Only the lines below from the one containing "Read World Trigger es Manga Online" through the one containing "Мультимиллионер Кличко задолжал" belong in the answer, repeated exactly and without pictures.

── Provided information ──

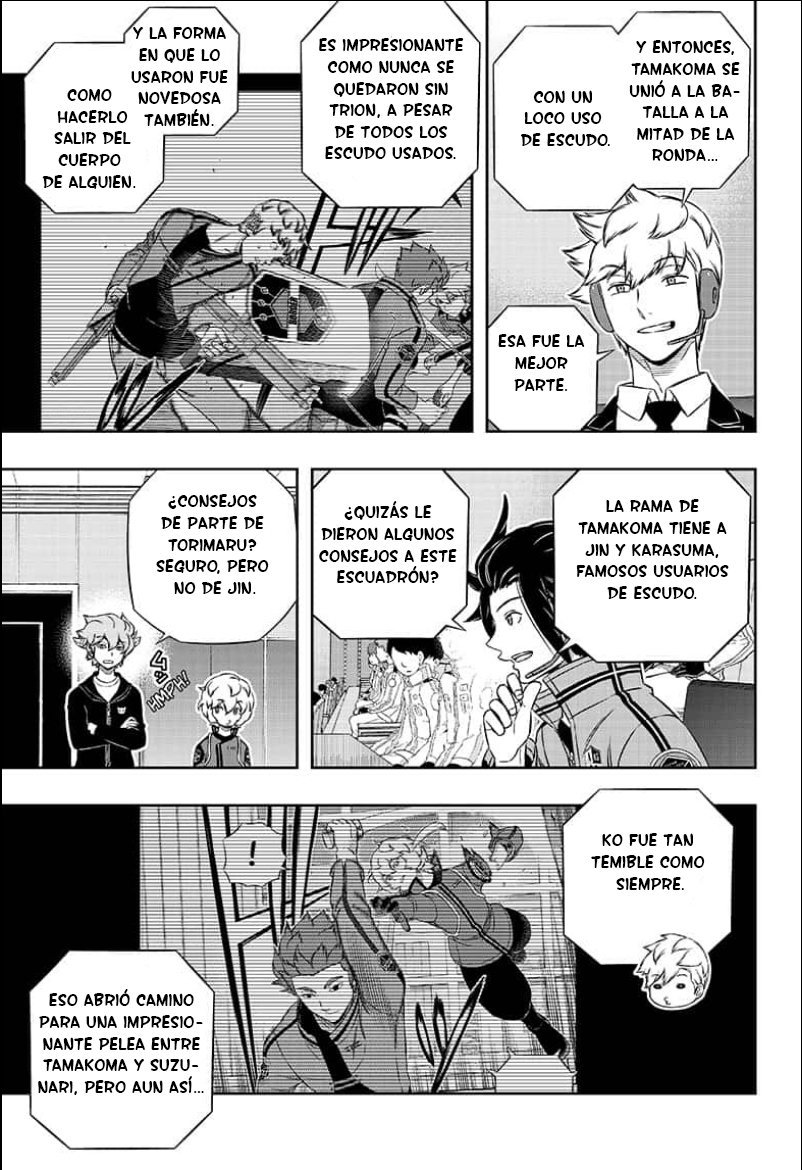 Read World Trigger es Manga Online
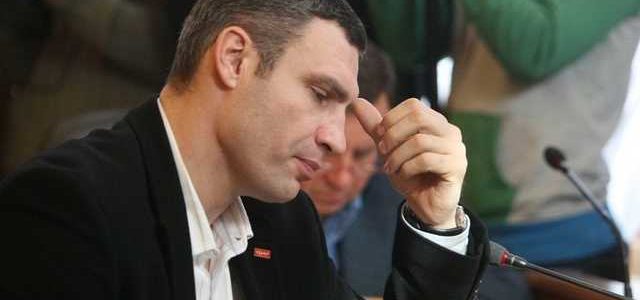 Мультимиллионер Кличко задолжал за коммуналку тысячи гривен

───
── Provided information ──

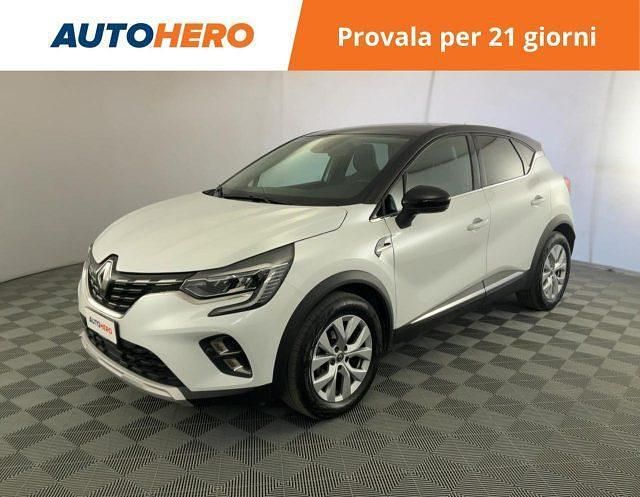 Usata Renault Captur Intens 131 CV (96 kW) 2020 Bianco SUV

───
── Provided information ──

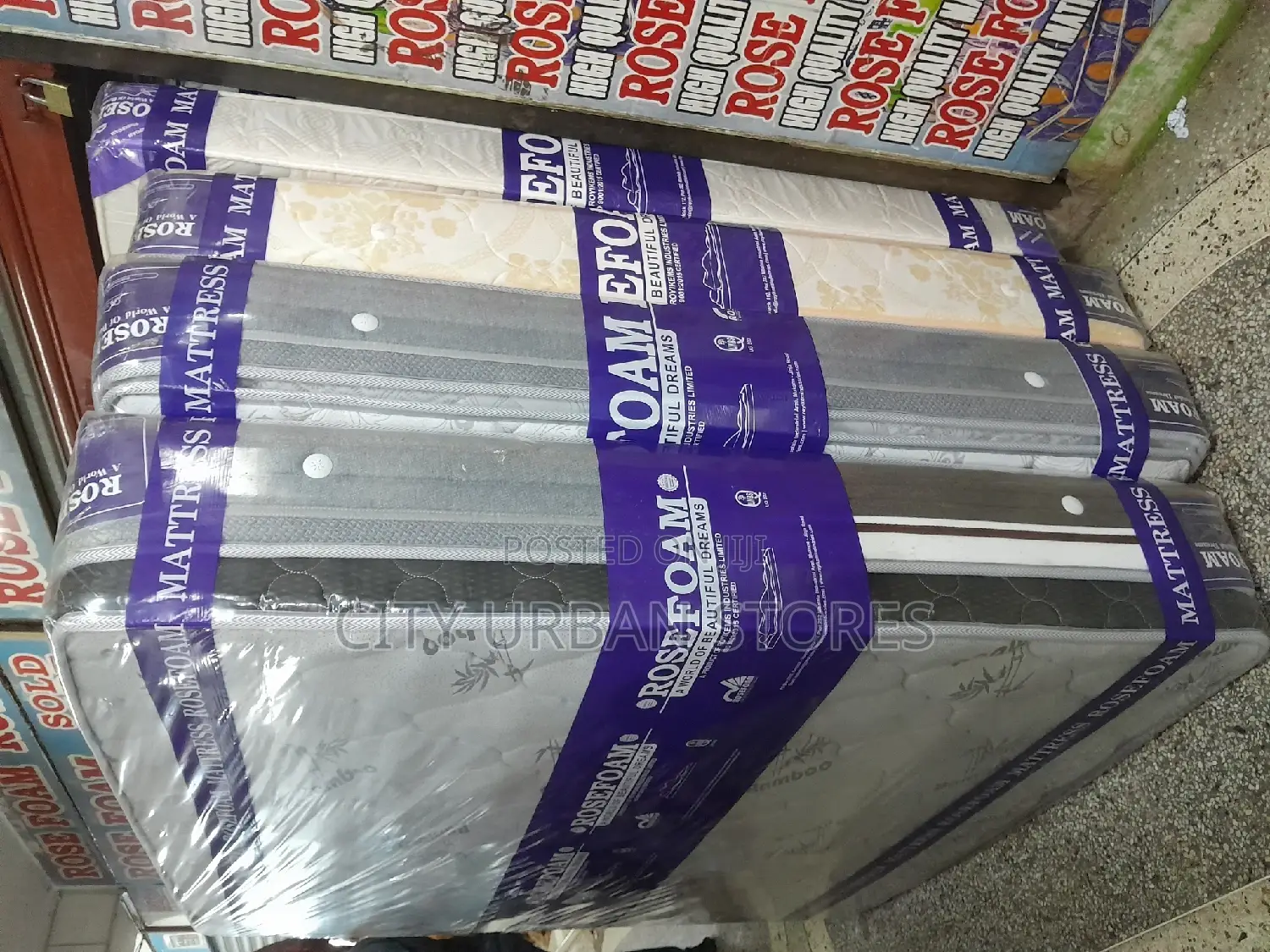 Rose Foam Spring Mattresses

───

Answer area -
 Read World Trigger es Manga Online
 Мультимиллионер Кличко задолжал за коммуналку тысячи гривен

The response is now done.